Beide onderzoeken zijn uitgevoerd in het kader van de «terugsluis»: het inzetten van
de netto-opbrengsten van de Vrachtwagenheffing voor verduurzaming en innovatie van
de vervoerssector. Tevens informeer ik uw Kamer over het vervolg van de Vrachtwagenheffing.
Onderzoek effecten van maatregelen voor logistieke efficiëntie
In het onderzoek naar de effecten van de Vrachtwagenheffing op verkeersveiligheid
dat eerder aan uw Kamer is gezonden, is een theoretische toename van maximaal twee
verkeersdoden berekend door de SWOV. Dit heeft te maken met het mogelijke uitwijkgedrag
van vrachtwagenchauffeurs naar wegen waar geen vrachtwagenheffing geldt. Omdat ik
het essentieel vind om te voorkomen dat deze toename zich daadwerkelijk voordoet,
heb ik zoals in voorgenoemde brief aangekondigd, onderzoek laten doen naar de verwachte
effecten van de maatregelen voor verbetering van de logistieke efficiëntie (Bijlage
1)1. Een toename van de logistieke efficiëntie heeft een reductie van het vrachtvervoer
over de weg als gevolg, wat positieve effecten heeft op de verkeersveiligheid en bijdraagt
aan vermindering van emissies en congestie. Zoals in de brief van juni 2020 gemeld,
heeft de SWOV berekend dat een kilometerreductie van vrachtwagens ter grootte van
circa 2,5% nodig is om het berekende effect op de verkeersveiligheid van de Vrachtwagenheffing
te neutraliseren. Op basis van het onderzoek naar logistieke efficiëntie kan geconcludeerd
worden dat deze reductie gerealiseerd kan worden door de voorgestelde terugsluismaatregelen
op het gebied van de logistieke efficiëntie.
Verkenning Electric Road Systems
In het kader van de transitie naar duurzaam wegtransport is een verkenning uitgevoerd
naar dynamisch laden van elektrische vrachtwagens door middel van zogeheten Electric
Road Systems (ERS) (Bijlage 2)2. ERS is een verzamelnaam voor verschillende technologieën waarbij voertuigen tijdens
het rijden stroom kunnen afnemen vanuit de weginfrastructuur om elektrisch te kunnen
rijden en waarmee de batterijen van deze voertuigen kunnen worden opgeladen.
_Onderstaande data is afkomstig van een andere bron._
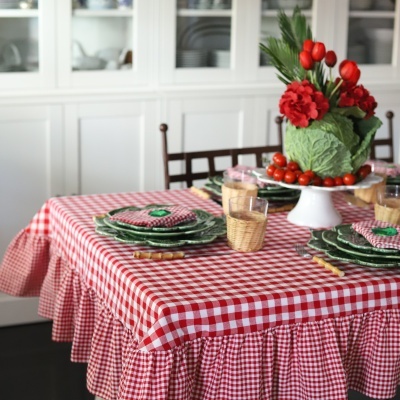 Toalha de mesa xadrez vermelha e branca com decoração de prato e flores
In Duitsland
wordt de technologie momenteel al op kleine schaal in de praktijk beproefd. Er is
onderzocht in hoeverre toepassing van ERS binnen het wegvervoer voor de Nederlandse
situatie een aantrekkelijke optie is om bij te dragen aan het halen van de klimaatdoelstellingen.
Hiertoe zijn diesel- en LNG-voertuigen vergeleken met batterij-elektrische voertuigen
met een brandstofcel, met een omvangrijke batterij, met voeding middels een bovenleiding
en met een diesel-hybride variant hiervan. De conclusie van de studie is dat dynamisch
laden met een bovenleiding potentieel heeft om bij te dragen aan de klimaatdoelstellingen
van Nederland, net als andere duurzame oplossingen voor het wegvervoer, en dat er
op dit moment nog teveel onzekerheden zijn om een voorkeur voor een van de concepten
uit te spreken.
Planning
Zoals u weet, heb ik voor de zomer van 2020 het wetsvoorstel Vrachtwagenheffing voor
advies aangeboden aan de Raad van State. Inmiddels is het Nader Rapport voorbereid
en het wetsvoorstel in lijn daarmee aangepast. Besluitvorming hierover is aan een
volgend kabinet, evenals besluitvorming over het sluiten van een bestuursovereenkomst
terugsluis. Met die bestuursovereenkomst wordt beoogd om, met aan het wetsvoorstel
verbonden, afspraken te maken met de drie sectorpartijen (evofenedex, TLN en VERN)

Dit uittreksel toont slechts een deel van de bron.